#1235 チンチン、カンカンカン。
あなたの職人さんとの話し方が好き。
あなたと、包丁店に行った。
チンチン電車が走る大通り沿いを歩いていると、カンカンカンという音が聞こえてきた。
中に入ると、炭の香りがした。
窓際なのに、暗くしているのは、炎の温度を目視するためだった。
このお店では、お店の中で、包丁を鋼から、打っていた。
むしろ、鍛冶場で、包丁も販売しているという方が近かった。
しかも、手作りだった。
今は、打つ作業は機械でする。
機械ですると、1分でできる作業が、手作りだと、2時間かかる。
それでも、親方は、手作りにこだわっていた。
手作りしている職人は少ないので、このままだと、消失してしまうかも知れない伝統工芸だった。

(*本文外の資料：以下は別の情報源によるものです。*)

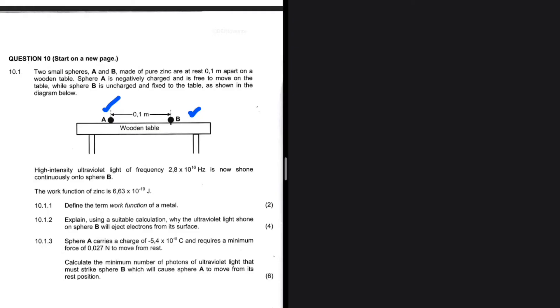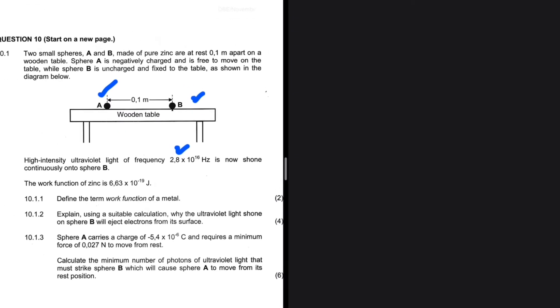High intensity ultraviolet light of frequency 2.8 times 10 to the power 16 hertz is now shone onto sphere B. The work function of zinc is 6.63 times 10 to the minus 19 joules. Question 10.1.1 defines the term work function of a metal: that is the minimum amount of energy required by a certain metal for electrons to be ejected or emitted from its metal surface.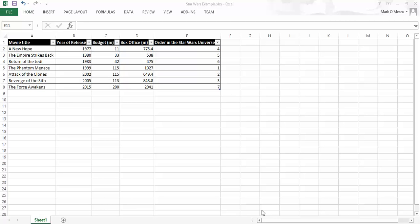Okay, here we are in episode 3 and we're back with our Star Wars sheet in our Excel workbook.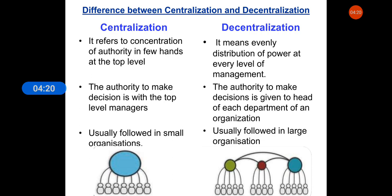In centralization, decisions are taken by the top level managers, whereas in decentralization, the authority to make decisions is given to the head of each department of an organization. Centralization is usually followed in small organizations, and decentralization is followed in large organizations.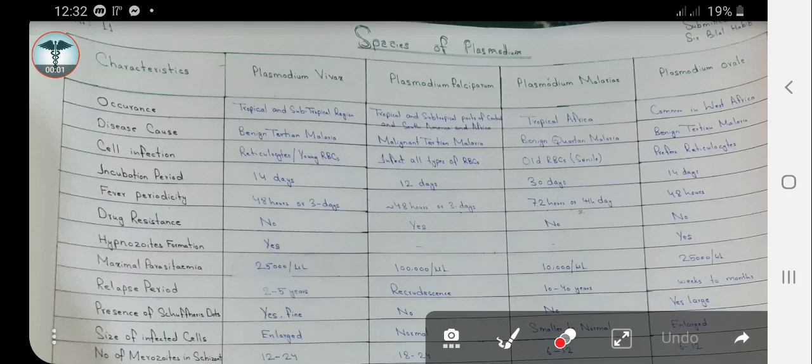Today we are going to discuss the species of Plasmodium. There are up to 172 species of Plasmodium, but only four of them cause disease in humans, i.e., malaria, and are of medical importance. These are Plasmodium vivax, Plasmodium falciparum, Plasmodium malariae, and Plasmodium ovale. We will now discuss the characteristics of these four comparatively.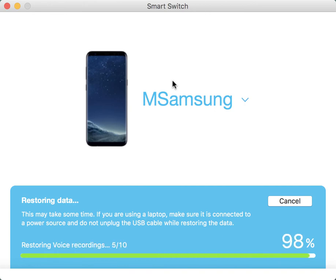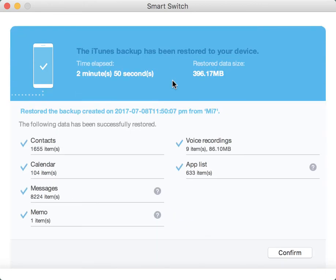Look at it, just 396 megabytes of data. While I'm making this video, that's the time-lapse, 2 minutes 50 seconds. 1655 of my contacts have been transferred, voice recordings, apps, calendars, messages—got 8220 which is a lot, right.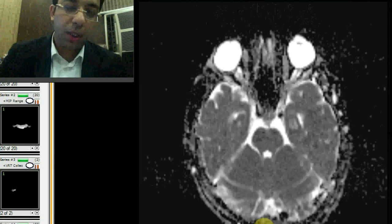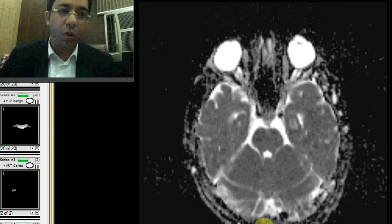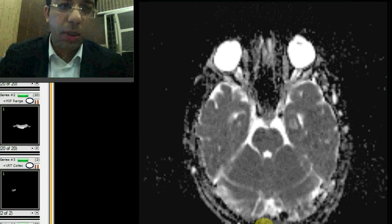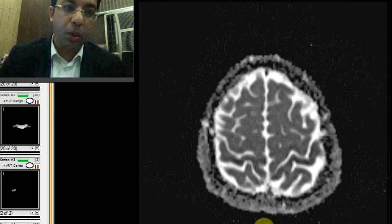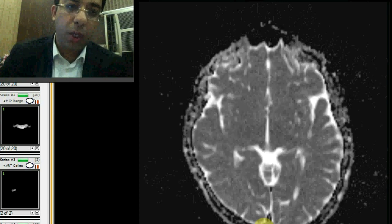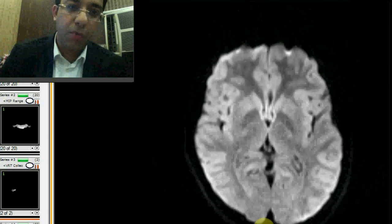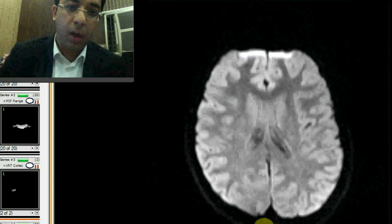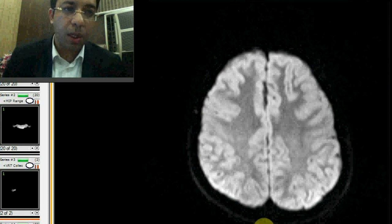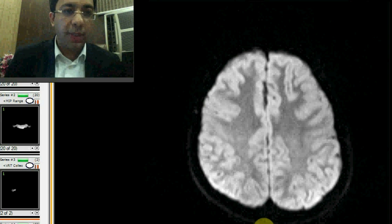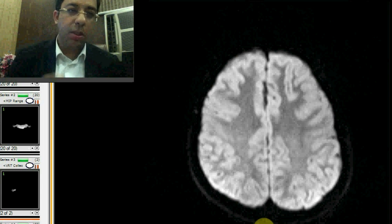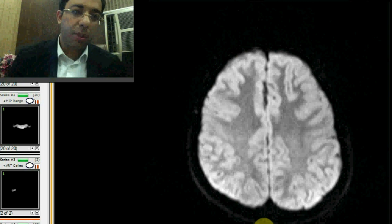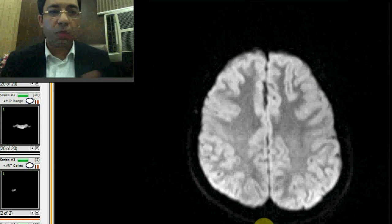In a routine MRI brain, we also do diffusion imaging, which has two parts: a Diffusion Weighted Image (DWI) and an Apparent Diffusion Coefficient (ADC) map. On the ADC map, an infarcted area would appear dark. On the DWI image, an infarct appears bright because it is an area of diffusion restriction, and the corresponding area on the ADC map would look dark. So a routine MRI brain includes transverse, sagittal, and coronal images, plus diffusion, FLAIR, T1, T2, and gradient echo sequences.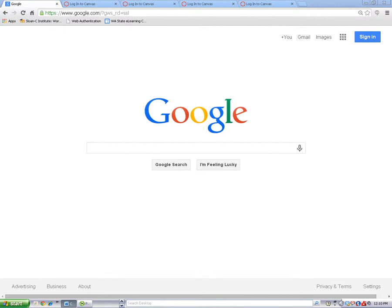To find Canvas, type the URL or web address into the address bar and click on the Enter key on your keyboard.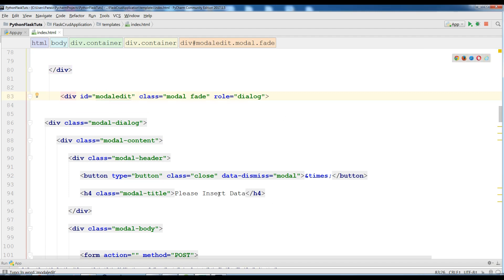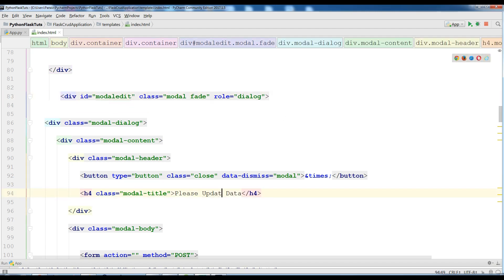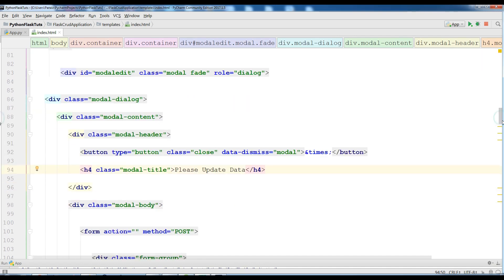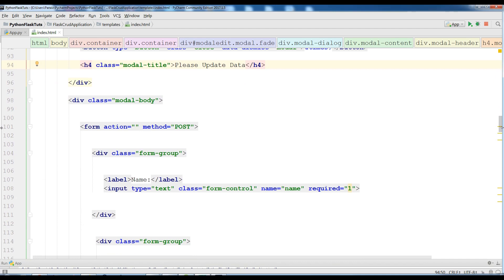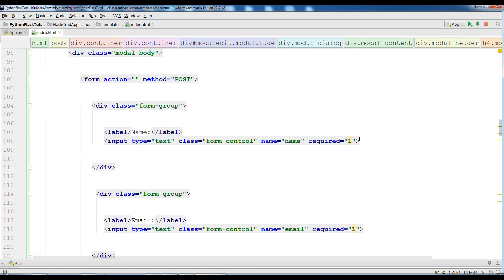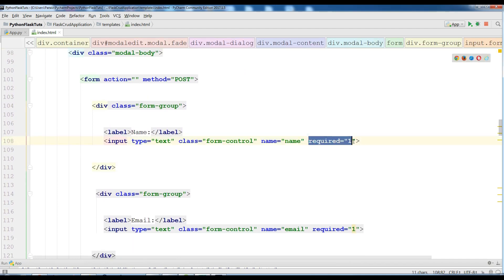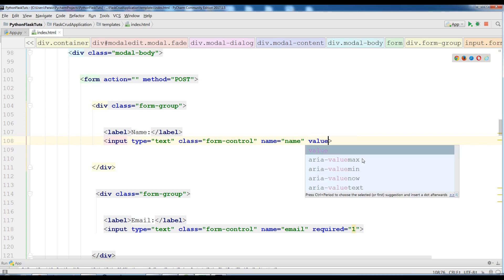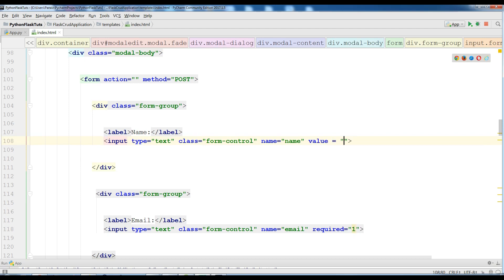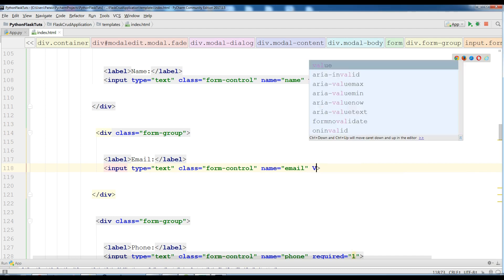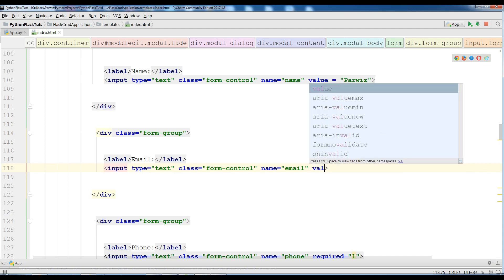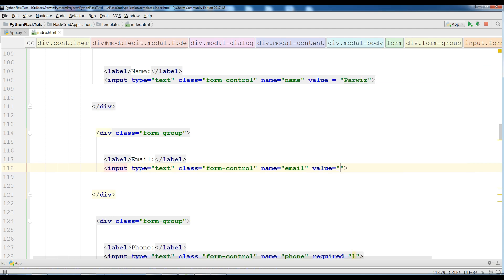And I need to change this to please update data button. Let me bring this. I need a name. I don't need any required in here, I just need a value. Right now I am going to add a static value, for example a name. And also I'm going to remove this required. I'll add a value and an email, for example like this, an email.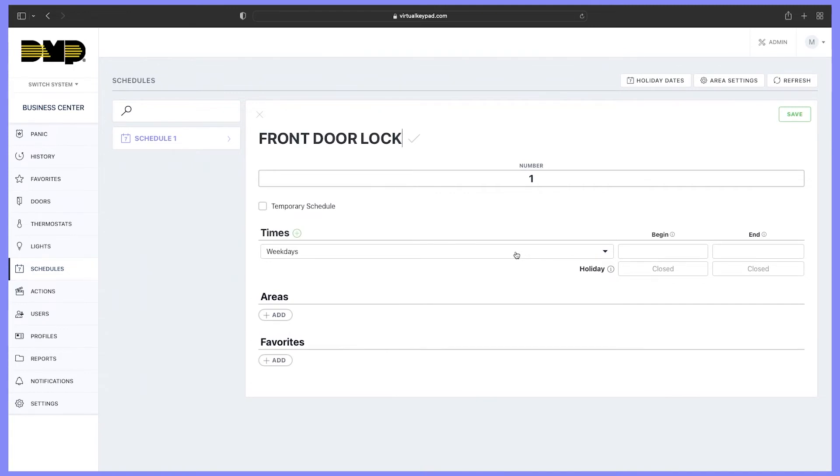I'm going to select weekdays at 5 p.m. because I want my front door to lock at 5 p.m.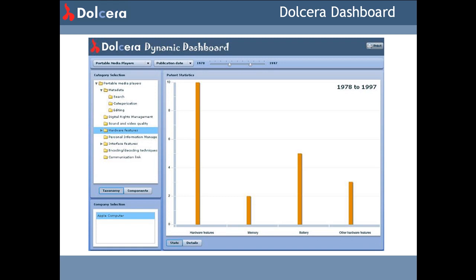When our team analyzes a large number of patents or articles, we present the information interactively using the online dashboard. The Dolchera dashboard is a Web 2.0 solution that works inside the web browser. It is a custom-built document dashboard with social computing features like rating, tagging, and sharing, adopted by several of the largest divisions within large corporations across the world and used by their intellectual property managers, scientists, and marketing professionals in the US, Europe, and Asia.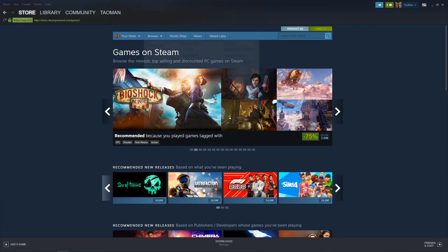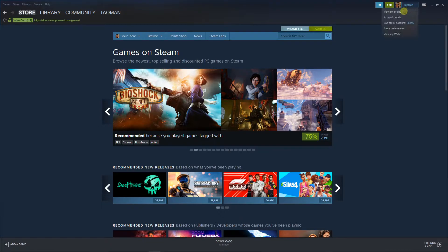The first thing you want to do is just bring up your Steam account, go to the right top corner to your profile, and click view my profile.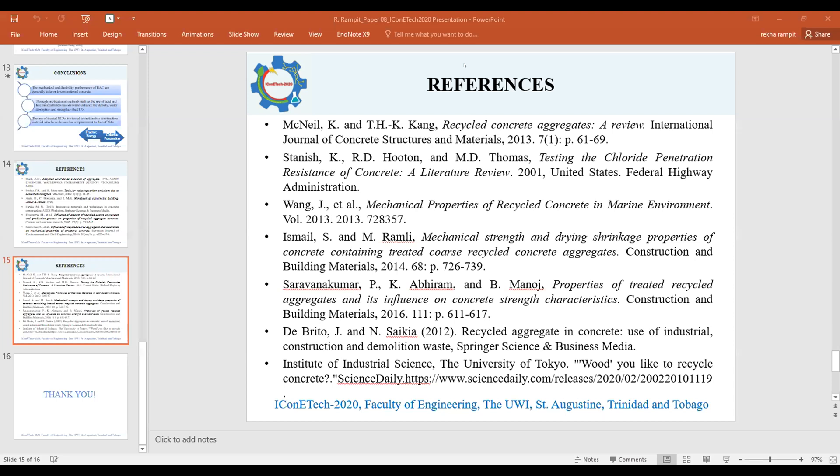Thank you. Sure. Thank you for that interesting presentation, and it was a great presentation, Miss Rika Rampit.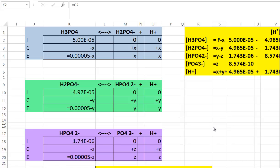Hello, this is Dr. Gardner. We're going to be looking at a brief tutorial on how to set up an Excel spreadsheet for a polyprotic acid system. I chose a triprotic acid, phosphoric acid, in order to show how to set up the Excel spreadsheet.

こうして作っているというプロセスも見てもらうために、あえて路面電車の走る大通りに店を構えていた。
親方は、工程を、丁寧に説明してくれた。
ぶっきらぼうなイメージのある職人さんにしては、話し方が優しい。
一つひとつ手作りなので、依頼主のオーダーで、どんなものでも作る。
有名料理店のシェフが、作りに来るのも、そういう理由からだ。
あなたが、何かを見つけた。
微笑みながら、私に見せてくれた。
「こんなものがあった」
それは、太い釘だった。
頭の部分が、L字型に曲がっている。
長さが10cmくらいで、赤く錆びている。
あなたは、窓の外の大通りを走るチンチン電車を指さした。
あなたの仕草を見て、親方が
「さすが」
と微笑んだ。
染物職人の家で育ったあなたと、職人同士の会話だった。
「ドッグ・スパイク」
と、あなたが言った。
犬釘。
電車のレールと、枕木を固定する釘だと教えてくれた。
親方の目が、ブルーに見えた。
見えたのではない。
親方は、フランス人だった。
親方のおじいさんも、鍛冶屋さんだった。
鉄道のレールを作っていた。
DNAだった。
だから、鉄道のそばで、仕事をしていた。
電車のチンチンと、親方のカンカンカンが、セッションをしていた。